# Did a D&C affect your fertility?



## Mama~Love (Dec 8, 2003)

I've posted this before, but never got any resposes. Hopefully I will now.

I had a D&C almost 15 months ago when my DD#3 (15 months) was just 10 days old due to retained membranes after her birth. It's not something I want to go through again







. Anyway, I thought it was weird that after the procedure, I NEVER had a single cramp, but did have bleeding for a few weeks later. I haven't had a period since then either.

I've joked to DH that they sucked my uterus out too. I've always had AF back by now, and am wooried that the D&C has affected my fertility somehow.

Anyone have any BTDT advice? TIA!


----------



## MaryLang (Jun 18, 2004)

I would think you haven't had AF because of nursing, are you nursing?
I just had a D&C in Jan (missed m/c), and am now pregnant again. My cycle came back like clockwork, and I got pregnant that first cycle back.


----------



## Mama~Love (Dec 8, 2003)

Yes, I'm nursing, I know that has something to do with it. But I've always had AF back by now.

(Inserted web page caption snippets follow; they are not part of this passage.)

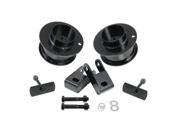 Front Dodge Leveling Kit 3 Lift Includes Shock Extenders for 2014 2015 Ram 2500 2013 2015 Ram 3500 4x4 4WD Only Black Steel Coil Spring Spacers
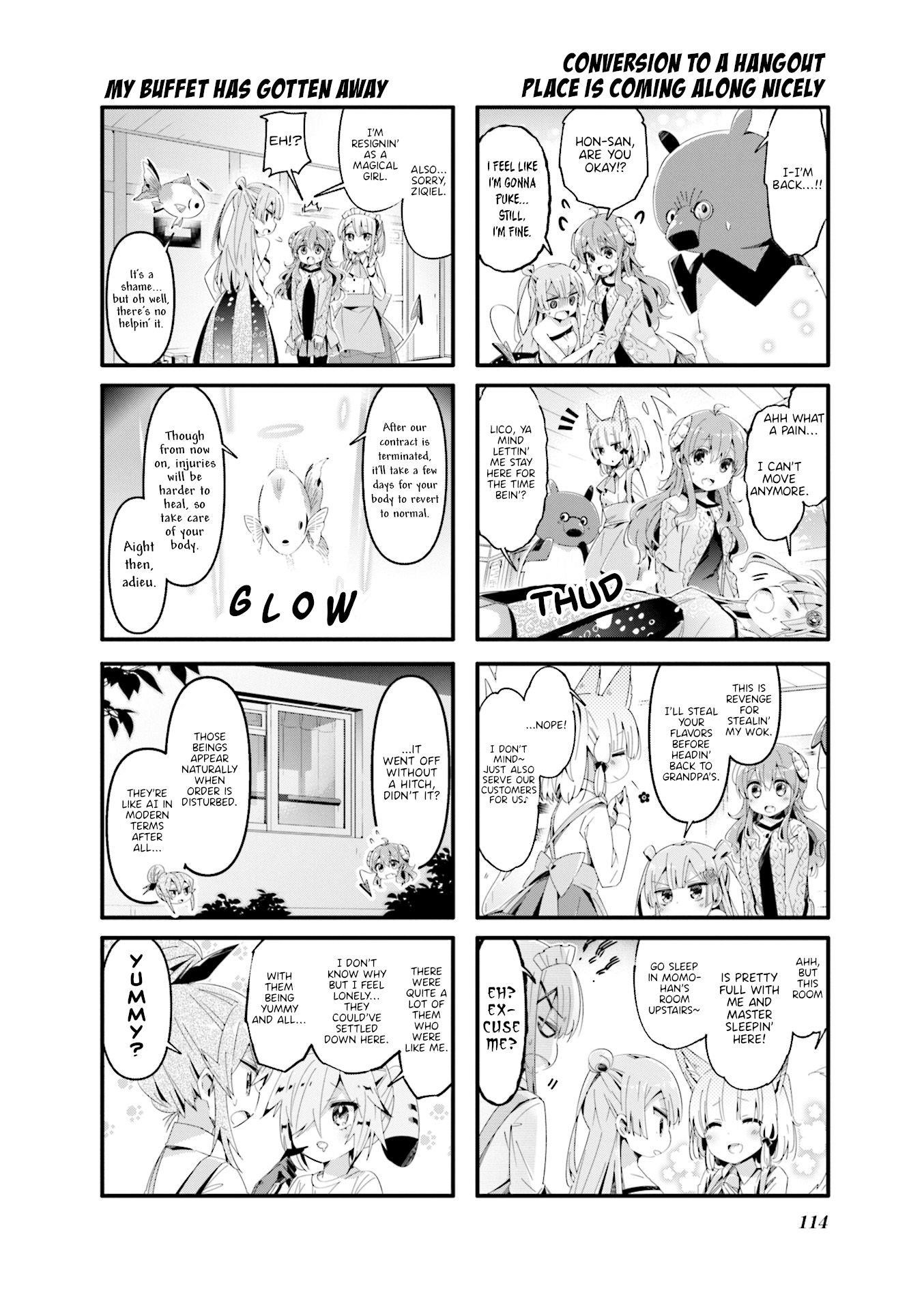 Machikado Mazoku Chapter 64 - Page 4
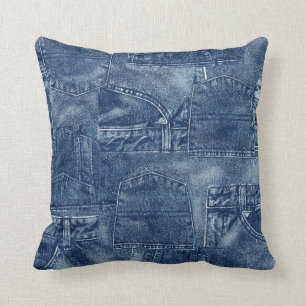 Denim material, kussen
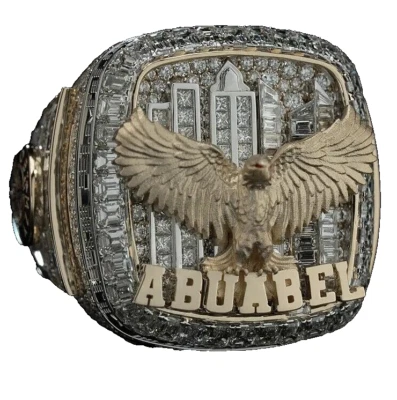 ANILLO MOISSANITA MOISSANITA MOISSANITA DISEÑO PÁJARO ÚNICO PERSONALIZADO GLAMOROSO de última calidad Foto 1 de 4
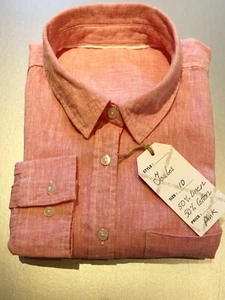 Women’s Size 10 Pink Linen/Cotton Casual Shirt By Joules - Picture 1 of 9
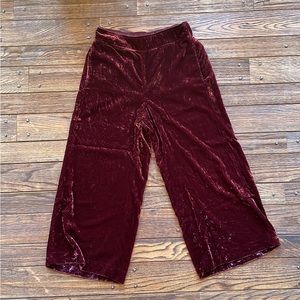 Madewell red/burgundy velvet pants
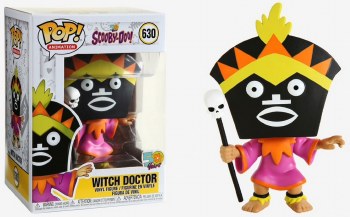 Pop Animation Scooby-Doo Witch Doctor Vinyl Figure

I'm just so frustrated with it, that's all.


----------



## jenholle (Dec 12, 2007)

I was not nursing at the time, and had a D and C because of a missed miscarriage and had no fertility problems. We got pregnant the second month we tried. Sorry I can't be of more help. My "guess" is that it has more to do with nursing than the D and C but who knows. Did they do a follow-up ultrasound after the D and C? I know they did with me and found more "products of conception" still there (after an infection and massive doses of antibiotics to clear it up







) and wanted me to have ANOTHER D and C...instead I went to an acupuncturist who helped me to get rid of everything else that was left instead of enduring a second D and C. Just a thought.

Good luck- hope you figure out some answers!!1

Jenny


----------



## mytwogirls (Jan 3, 2008)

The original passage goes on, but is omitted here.